October 3, 1923, Kentucky Department of Corrections, Guard V.B. Mattingly, Guard William Gilbert, and Guard Hodge Cunningham died at the hands of inmates attempting to take over the dining room at the Kentucky State Penitentiary in Eddyville.  They found the bodies three days later after the officers stormed the dining facility; the prisoners killed Cunningham during the ensuing standoff and the other two had committed suicide.  Officer Cunningham became the first guard, at Eddyville, to be killed in the line of duty.

October 3, 1931, Kentucky football seasons opens with a shutout of Maryville 19-0 in Lexington.  Kentucky and Coach Harry Gamage would go on to tie Tennessee and beat Florida and end the season 5-2-2.

October 3, 1934, Commonwealth of Kentucky dedicated the John James Audubon State Park.

October 3, 1951, Army PFC Billy J. Salyer from Magoffin County and Army PFC Charles H. Skrobanek from Jefferson County, died fighting in the Korean War.

October 3, 1952, Marine Corps PFC Leonard R. Stevens from Ft. Knox, died fighting in the Korean War.

October 3, 1954, Barney Frazier caught a state record 36 lbs. 4 oz. sturgeon in Lake Cumberland.  Mr. Frazier is from Corbin.

October 3, 1967, Army PFC Michael Lee Miller of Henderson County, died fighting in the Vietnam War.

Localtonians wishes a Happy Birthday to Back Street Boy Kevin Scott Richardson, born in Lexington in 1971.  
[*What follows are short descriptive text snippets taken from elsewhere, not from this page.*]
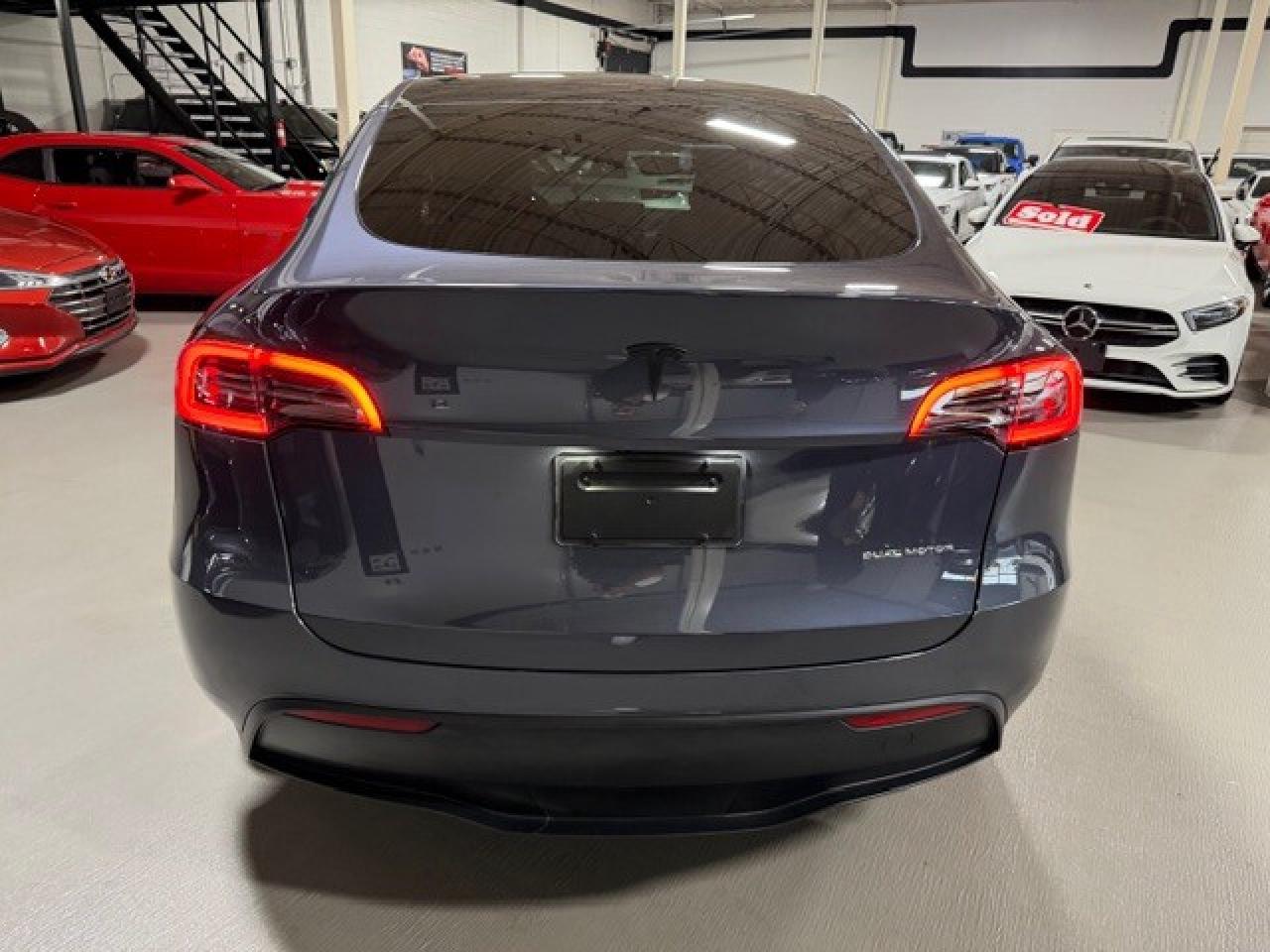 2023 Tesla Model Y Long Range AWD 1 Owner Clean Carfax Certified Photo4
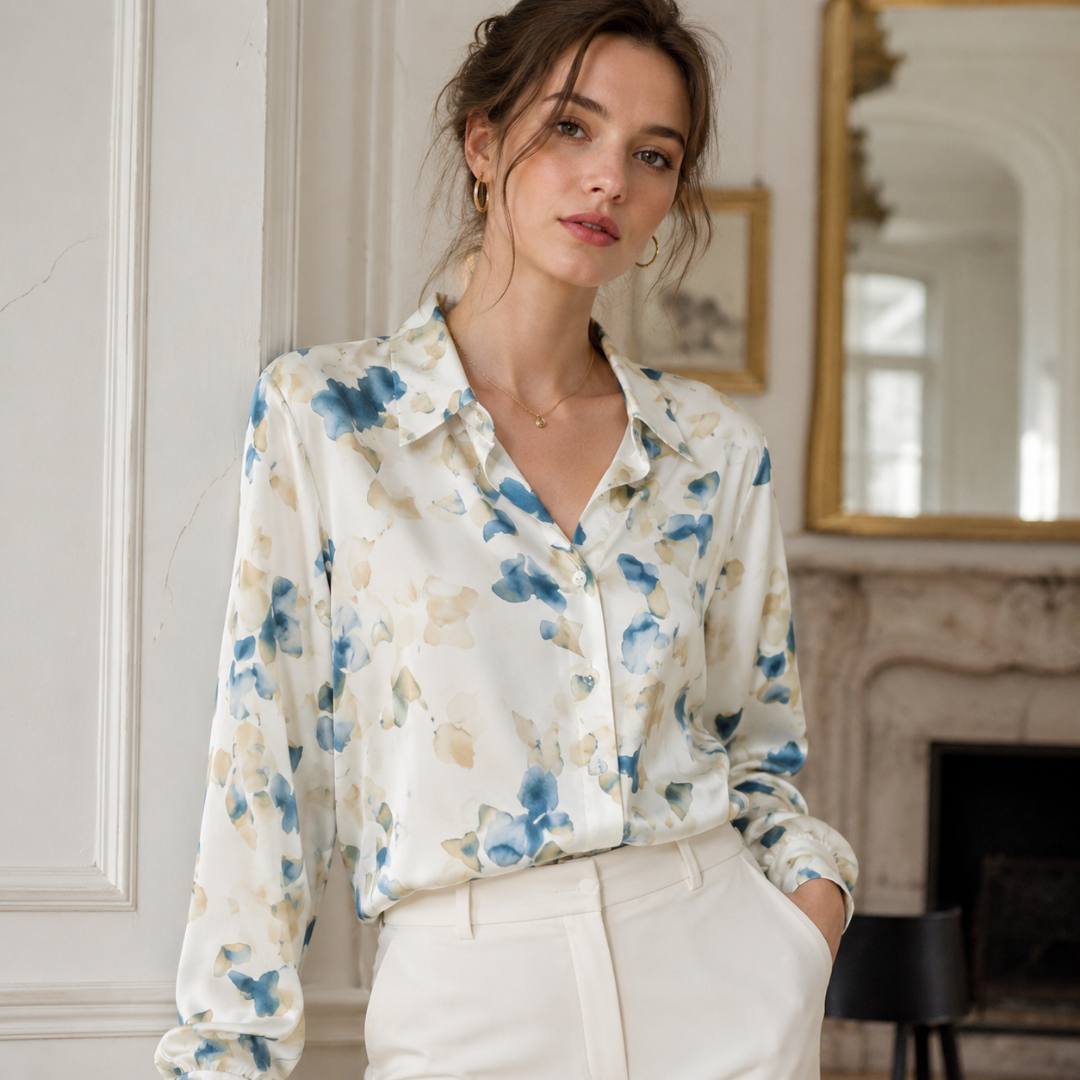 Chemise blanche à fleurs aquarelle bleues, col pointu et manches longues bouffantes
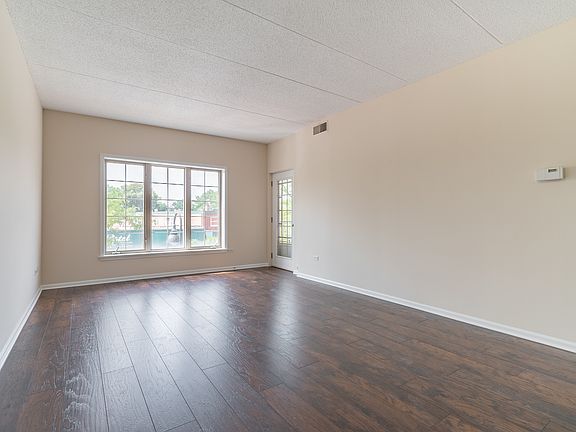 3rd image of 9670 Franklin Ave Unit 209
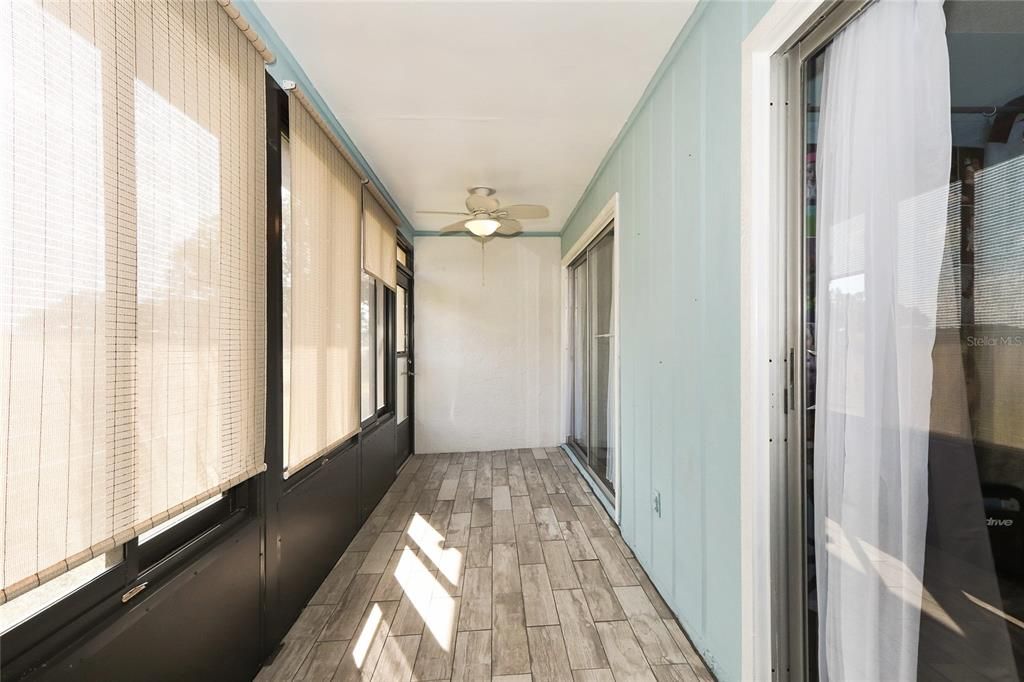 Recently Sold: $110,000 (2 beds, 2 baths, 978 Square Feet)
October 3, 1997, Lyman Tefft Johnson passed away in Louisville.  Lyman was an American educator and influential role model for racial desegregation in Kentucky.  He is best known as the plaintiff, whose successful legal challenge opened the University of Kentucky to African-American students in 1949.

October 3, 2015, New York Met Max Scherzer was pitching a no-hitter with the score 2-0 when Dan Uggla homered for the Washington Nationals.  It would be the Kentuckians final bat in a very successful MLB career.